With an understanding of what it takes to be a top CISO, it is worth asking where the future threats are likely to originate. Conran breaks it into tactical threats (immediate term), and strategic threats (longer term).
“The tactical answer is ransomware and commodity malware. Ransomware is happening across the globe. It’s destructive and a huge problem, threatening trust in the internet. Security builds confidence in the internet. If people were to lose their confidence and no longer trust their bank or online retail shops, then rebuilding trust is something we’re going to have to work on.”
For the longer term, he has a different concern. “If you look into the future, but not so far out, I think Quantum is going to be massive for this sector – and for the Internet. None of our encryption algorithms will work once we have Quantum. None of our security products will work once we have Quantum. And, whoever finally gets there first is going to throw this industry up in the air. We’ll have to work through that pretty quickly to ensure we maintain the integrity of our data and transactions.”
Summing up, he said, “Tactically, it’s going to be ransomware and commodity malware that’s the problem. More strategically but within the foreseeable future, I think quantum computing is going to be very disruptive to the existing security products and standards that we have today.”
Leach is as much concerned about security’s response to threats as to the precise type of threat faced. “I think the biggest problem is that innovation from the attackers is accelerating, and we are not. We cannot continue to do what we are doing – we have a cycle of a 3- to 5-year plan and strategy. If we don’t shorten this, if we don’t go faster, we are in danger of becoming obsolete as individuals. That’s not the role of CISO, but the existing crop of CISOs.”
But there is another problem that stems from within, especially in the technology sector. “There’s an overwhelming number of security product vendors out there. Our constant chasing after the latest shiny object really detracts us from just getting the job done. It’s a difficult issue because we all quite rightly look for new emerging technologies, but there’s so many of them. I cannot operate a bunch of single-purpose solutions in my organization – I don’t have enough people, I don’t have enough budget, and I don’t have enough time. We need to start looking at the interconnectivity of devices, vendors, and what I really think of as a fabric. We need a better integrated security fabric.”
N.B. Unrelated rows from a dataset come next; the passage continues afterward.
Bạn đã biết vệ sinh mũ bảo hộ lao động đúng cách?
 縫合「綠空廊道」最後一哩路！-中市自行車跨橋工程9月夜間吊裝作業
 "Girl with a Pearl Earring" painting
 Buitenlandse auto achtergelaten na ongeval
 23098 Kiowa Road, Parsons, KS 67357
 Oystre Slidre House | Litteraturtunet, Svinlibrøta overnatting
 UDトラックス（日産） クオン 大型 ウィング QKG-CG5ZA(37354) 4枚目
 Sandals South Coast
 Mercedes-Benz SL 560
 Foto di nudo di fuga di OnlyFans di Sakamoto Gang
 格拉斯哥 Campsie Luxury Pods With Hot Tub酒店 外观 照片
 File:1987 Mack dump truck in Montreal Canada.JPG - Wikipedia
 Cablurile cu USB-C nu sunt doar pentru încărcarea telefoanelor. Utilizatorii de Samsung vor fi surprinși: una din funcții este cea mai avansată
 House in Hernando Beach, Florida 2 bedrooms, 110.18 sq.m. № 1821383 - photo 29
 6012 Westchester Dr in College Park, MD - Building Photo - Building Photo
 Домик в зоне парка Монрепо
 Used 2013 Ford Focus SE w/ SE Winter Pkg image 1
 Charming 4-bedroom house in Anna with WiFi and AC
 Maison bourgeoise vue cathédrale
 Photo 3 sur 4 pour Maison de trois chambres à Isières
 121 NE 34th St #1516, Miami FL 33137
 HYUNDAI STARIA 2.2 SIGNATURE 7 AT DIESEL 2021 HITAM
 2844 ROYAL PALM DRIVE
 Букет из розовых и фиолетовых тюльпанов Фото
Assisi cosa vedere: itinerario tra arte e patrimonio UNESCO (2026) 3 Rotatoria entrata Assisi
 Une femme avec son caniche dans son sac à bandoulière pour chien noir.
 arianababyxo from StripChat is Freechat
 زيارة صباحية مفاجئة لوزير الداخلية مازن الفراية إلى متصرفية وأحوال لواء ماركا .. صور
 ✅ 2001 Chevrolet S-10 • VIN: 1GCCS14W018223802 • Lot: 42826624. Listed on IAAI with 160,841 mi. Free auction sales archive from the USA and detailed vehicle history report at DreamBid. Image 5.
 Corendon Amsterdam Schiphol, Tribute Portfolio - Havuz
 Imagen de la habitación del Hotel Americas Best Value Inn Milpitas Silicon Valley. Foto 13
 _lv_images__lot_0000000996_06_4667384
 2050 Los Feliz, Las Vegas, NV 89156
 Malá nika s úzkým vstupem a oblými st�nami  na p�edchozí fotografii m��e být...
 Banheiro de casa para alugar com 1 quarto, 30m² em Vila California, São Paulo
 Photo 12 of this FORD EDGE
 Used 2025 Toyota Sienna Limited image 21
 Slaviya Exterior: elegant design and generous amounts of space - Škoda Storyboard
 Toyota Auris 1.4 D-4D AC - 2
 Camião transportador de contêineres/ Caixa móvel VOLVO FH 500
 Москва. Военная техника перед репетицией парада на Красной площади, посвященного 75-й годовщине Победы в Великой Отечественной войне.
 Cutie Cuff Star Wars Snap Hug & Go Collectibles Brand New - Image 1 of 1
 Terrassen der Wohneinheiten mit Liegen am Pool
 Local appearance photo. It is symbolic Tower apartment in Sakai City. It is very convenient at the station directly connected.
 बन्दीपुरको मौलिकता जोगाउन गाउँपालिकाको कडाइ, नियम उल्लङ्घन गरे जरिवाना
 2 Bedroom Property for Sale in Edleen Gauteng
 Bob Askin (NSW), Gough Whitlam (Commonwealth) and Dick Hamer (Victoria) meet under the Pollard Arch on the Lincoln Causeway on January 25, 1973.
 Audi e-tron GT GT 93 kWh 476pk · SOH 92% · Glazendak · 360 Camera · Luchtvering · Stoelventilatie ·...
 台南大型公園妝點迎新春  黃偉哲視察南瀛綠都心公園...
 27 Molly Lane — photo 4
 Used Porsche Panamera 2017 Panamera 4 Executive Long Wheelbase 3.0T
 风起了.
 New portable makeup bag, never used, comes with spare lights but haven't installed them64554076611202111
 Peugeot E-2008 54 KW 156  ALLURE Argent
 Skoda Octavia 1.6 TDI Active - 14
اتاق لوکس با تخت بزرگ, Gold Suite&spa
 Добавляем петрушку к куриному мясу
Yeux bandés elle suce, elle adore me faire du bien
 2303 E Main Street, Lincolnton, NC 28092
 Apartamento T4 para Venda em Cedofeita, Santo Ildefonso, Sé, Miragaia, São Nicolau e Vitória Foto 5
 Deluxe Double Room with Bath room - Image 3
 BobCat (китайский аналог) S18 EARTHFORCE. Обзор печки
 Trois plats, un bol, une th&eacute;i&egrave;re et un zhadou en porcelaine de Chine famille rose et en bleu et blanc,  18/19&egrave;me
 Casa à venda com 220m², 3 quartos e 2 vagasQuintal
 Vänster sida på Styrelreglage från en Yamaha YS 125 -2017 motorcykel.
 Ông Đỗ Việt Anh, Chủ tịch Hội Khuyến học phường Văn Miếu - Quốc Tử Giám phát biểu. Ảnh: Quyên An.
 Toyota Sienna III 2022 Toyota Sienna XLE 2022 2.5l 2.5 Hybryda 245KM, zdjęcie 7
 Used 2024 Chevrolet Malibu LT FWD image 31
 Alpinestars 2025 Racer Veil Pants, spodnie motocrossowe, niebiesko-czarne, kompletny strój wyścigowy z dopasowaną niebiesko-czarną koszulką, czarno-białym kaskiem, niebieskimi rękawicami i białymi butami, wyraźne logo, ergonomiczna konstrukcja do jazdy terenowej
It’s a question of communication between devices. “Take the SIEM,” he said, “which was supposed to solve so many problems. You add a new process, or whatever, and suddenly, you’re re-baselining all over again. So, my SIEM, which was bought to be a problem solver, becomes a millstone around my neck.” The problem, he suggests, is that the vendors are not working together.
His third concern is that security needs to become more resilient. By this he means more than just recovery – for Leach, resiliency involves the anticipation of problems so that they can be avoided or better recovered from. “Resiliency is more than just recovery,” he said. “When we talk about resiliency, people often think it’s just recovery from backups. But no. We need to anticipate failures. The attacks are becoming better, stronger and more specific. We need to be in a position to anticipate and prepare for what the next attacks are going to be like.”
Between them, Intel’s Brent Conran and Cisco’s Chris Leach have painted a picture of the major threats to expect over the next few years, and best practices on how to handle them.